Likewise, Mir has carried out innumerable rescue operations of leopards, owls, ducks, eagles, bears and many more. In was by virtue of her determination that the International Zoo Educators Association (IZE) invited her as one of their speakers at their forum in Hong Kong in 2014.  Earlier this year, Mir also co-organized a seminar along with the daughter of Congress politician Karan Singh at the famous Darah Shikov garden in Islamabad to raise awareness about wildlife conservation. Last week, she co-organized a birding trip to Braine in Nishat, leading an all-male party. “Sometimes I do feel nervous when I become conscious of it,” she says. “But then, in the very next moment, it seems quite normal again.”

Mir with adult bear inside rescue center.
Mir with the adult bear inside the rescue centre. (KL Image courtesy: Shams Ul Haq Qari)

Mir has two sons aged below ten. Her preoccupation with wildlife has led to her son grow up as a science whiz.  “He was able to distinguish between a Hangul and a spotted deer at the age of two which is quite extraordinary for a toddler of this age,” she says, beaming with excitement.

At one corner of her sprawling lawn, a decrepit aluminium vessel is filled with water and stones. A flickering moment catches her attention. “That’s a soft-shell turtle,” she says. “I retrieved it from a local in Chadoora last week. When I inquired where they had found it, they were unforthcoming.”

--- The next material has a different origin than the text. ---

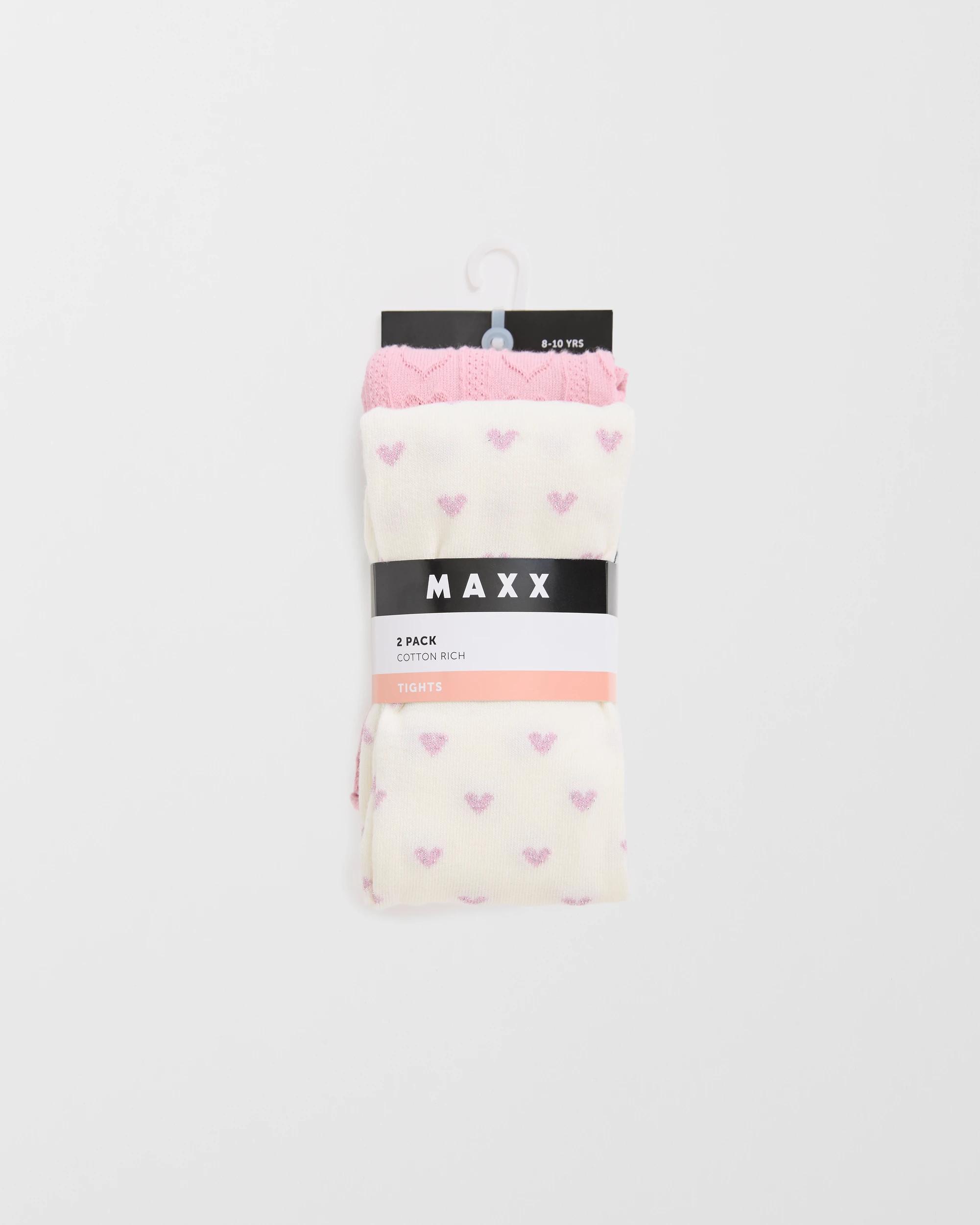 3 Maxx Australian Cotton Blend 2 Pack Girls Casual Tights BLEACHED MAUVE, 3 of 3
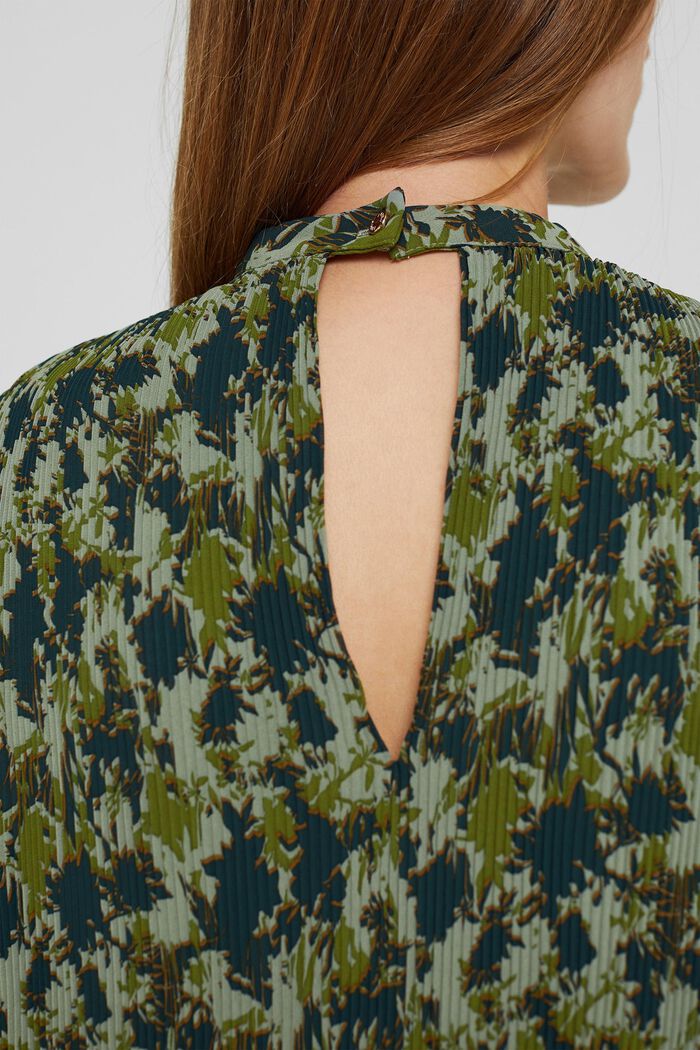 Recycled: pleated dress with a print, DUSTY GREEN, detail image number 3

Mir taps its shell. The creature squeezes itself in. By night when the temperature plummets, Mir hauls the vessel inside her house and places it over smouldering hamaan. She has been managing its well-being for quite some time now. Earlier this week, Mir’s team travelled to Jammu to release it in the Jammu zoo where it was expected to survive. “Rescue,” she nods her head solemnly. “That’s what I keep doing all the time.”